Estate planning for foreign nationals is layered in nuance and complexity.
Global families with assets, business interests, or family members across multiple countries may need to consider planning structures that differ from those used in more traditional U.S. estate plans. One structure that can be extremely valuable in these cross-border situations is a Foreign Grantor Trust (FGT). But what is a Foreign Grantor Trust?
A Foreign Grantor Trust is a trust structure commonly used by non-U.S. citizens in their succession planning, as it can provide significant tax advantages for their U.S. family member heirs. Here’s what you need to know about FGTs if you’re considering one as part of your wealth succession planning.
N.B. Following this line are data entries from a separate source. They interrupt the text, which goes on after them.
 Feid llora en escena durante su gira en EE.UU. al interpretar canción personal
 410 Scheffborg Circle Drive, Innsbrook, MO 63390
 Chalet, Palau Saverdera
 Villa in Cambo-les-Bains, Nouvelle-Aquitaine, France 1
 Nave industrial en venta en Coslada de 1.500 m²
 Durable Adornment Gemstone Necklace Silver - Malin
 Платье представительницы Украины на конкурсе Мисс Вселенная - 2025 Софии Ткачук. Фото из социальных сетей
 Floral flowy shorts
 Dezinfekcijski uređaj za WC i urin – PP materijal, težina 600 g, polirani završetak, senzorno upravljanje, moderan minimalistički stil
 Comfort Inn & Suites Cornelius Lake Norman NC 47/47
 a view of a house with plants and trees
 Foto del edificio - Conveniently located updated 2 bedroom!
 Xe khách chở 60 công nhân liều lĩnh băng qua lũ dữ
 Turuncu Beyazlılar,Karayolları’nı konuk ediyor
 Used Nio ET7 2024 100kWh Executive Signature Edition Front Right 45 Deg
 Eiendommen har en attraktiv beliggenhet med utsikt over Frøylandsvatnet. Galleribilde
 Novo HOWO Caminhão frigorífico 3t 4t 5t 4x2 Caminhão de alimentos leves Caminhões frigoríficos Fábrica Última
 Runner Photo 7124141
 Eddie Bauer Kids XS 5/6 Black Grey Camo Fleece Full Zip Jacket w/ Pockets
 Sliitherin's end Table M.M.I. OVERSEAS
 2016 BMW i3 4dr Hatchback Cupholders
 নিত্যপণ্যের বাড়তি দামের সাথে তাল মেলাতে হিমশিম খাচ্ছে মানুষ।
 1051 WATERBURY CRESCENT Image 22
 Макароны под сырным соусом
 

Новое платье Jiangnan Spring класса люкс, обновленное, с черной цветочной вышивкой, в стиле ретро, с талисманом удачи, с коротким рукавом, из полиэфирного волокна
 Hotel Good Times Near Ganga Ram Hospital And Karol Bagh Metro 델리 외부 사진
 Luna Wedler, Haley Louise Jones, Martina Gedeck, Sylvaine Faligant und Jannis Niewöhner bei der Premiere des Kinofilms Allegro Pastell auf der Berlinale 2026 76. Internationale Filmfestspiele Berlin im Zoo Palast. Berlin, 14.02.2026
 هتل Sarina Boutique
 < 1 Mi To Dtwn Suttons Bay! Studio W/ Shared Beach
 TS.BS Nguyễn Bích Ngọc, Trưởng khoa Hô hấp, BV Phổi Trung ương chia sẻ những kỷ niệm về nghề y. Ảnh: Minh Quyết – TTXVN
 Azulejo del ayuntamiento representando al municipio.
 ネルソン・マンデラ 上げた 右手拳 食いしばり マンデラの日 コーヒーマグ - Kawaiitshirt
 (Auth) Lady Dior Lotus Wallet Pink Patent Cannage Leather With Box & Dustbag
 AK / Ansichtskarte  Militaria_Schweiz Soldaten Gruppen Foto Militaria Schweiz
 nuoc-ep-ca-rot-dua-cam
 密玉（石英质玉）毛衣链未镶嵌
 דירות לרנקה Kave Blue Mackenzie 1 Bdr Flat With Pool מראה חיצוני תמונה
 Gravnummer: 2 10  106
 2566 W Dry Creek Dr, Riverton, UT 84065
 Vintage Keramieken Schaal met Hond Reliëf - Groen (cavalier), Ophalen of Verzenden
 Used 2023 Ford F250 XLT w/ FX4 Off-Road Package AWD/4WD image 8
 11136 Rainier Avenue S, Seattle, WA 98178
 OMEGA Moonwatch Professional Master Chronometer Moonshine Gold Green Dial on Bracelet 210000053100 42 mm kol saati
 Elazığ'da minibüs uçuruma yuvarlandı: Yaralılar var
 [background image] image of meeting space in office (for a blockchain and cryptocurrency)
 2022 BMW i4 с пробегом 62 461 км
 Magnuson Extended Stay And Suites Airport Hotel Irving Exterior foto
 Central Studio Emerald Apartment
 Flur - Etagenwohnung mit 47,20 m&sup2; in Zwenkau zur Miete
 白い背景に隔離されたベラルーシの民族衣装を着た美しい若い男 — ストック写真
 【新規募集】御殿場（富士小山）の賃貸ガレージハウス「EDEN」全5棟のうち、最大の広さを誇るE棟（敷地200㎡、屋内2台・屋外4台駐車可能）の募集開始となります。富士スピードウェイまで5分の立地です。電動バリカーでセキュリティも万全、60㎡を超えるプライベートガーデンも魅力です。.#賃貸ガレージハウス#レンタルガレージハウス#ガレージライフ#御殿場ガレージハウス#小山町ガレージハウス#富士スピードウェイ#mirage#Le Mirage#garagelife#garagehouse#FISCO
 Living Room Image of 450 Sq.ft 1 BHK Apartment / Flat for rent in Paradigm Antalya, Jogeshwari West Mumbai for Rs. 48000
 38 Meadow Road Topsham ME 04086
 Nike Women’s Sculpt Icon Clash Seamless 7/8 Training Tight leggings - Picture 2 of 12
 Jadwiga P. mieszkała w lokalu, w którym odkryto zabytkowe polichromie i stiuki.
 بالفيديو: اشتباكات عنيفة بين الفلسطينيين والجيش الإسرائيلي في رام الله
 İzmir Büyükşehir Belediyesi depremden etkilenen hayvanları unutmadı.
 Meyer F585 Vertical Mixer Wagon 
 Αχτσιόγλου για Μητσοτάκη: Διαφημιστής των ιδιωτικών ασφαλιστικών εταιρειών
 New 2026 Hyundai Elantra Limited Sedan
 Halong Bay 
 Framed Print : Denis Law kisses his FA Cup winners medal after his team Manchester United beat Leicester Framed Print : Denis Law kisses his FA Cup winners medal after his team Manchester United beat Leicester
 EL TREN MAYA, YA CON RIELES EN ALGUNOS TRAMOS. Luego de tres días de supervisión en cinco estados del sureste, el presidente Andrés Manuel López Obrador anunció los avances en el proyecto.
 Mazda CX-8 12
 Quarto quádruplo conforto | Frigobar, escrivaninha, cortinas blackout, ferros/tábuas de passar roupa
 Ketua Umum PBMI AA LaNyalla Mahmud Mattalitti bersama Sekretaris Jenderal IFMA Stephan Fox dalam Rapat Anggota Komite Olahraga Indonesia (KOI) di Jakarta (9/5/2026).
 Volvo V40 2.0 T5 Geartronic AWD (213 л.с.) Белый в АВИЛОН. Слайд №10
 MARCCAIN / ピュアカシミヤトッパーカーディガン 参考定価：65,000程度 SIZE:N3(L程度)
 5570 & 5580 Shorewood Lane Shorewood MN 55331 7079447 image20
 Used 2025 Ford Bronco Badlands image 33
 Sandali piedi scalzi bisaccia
What is a Foreign Grantor Trust?
A Foreign Grantor Trust is a common estate and tax planning strategy used by international families when the wealth creator (often a parent) is a non-U.S. person but has U.S. children or grandchildren.
Because the grantor is a non-U.S. person, certain types of income, such as foreign-source income, many capital gains, and interest, may avoid U.S. taxation while the grantor is alive. This type of structure can create important tax advantages depending on the circumstances.
Advantages of Foreign Grantor Trusts
Foreign Grantor Trusts are commonly used by foreign nationals living and/or doing business in the U.S., global families with cross-border assets, and individuals who plan to transfer their wealth to U.S. children or grandchildren. In these situations, Foreign Grantor Trusts can offer several advantages in international estate planning. Namely:
- It can preserve favorable U.S. income tax treatment while the grantor is living. Because the trust’s income is generally attributed to the foreign grantor, certain types of income may remain outside the U.S. tax system depending on how the assets are structured. This allows the trust to sell certain assets or generate income without triggering U.S. tax for the trust or its U.S. beneficiaries.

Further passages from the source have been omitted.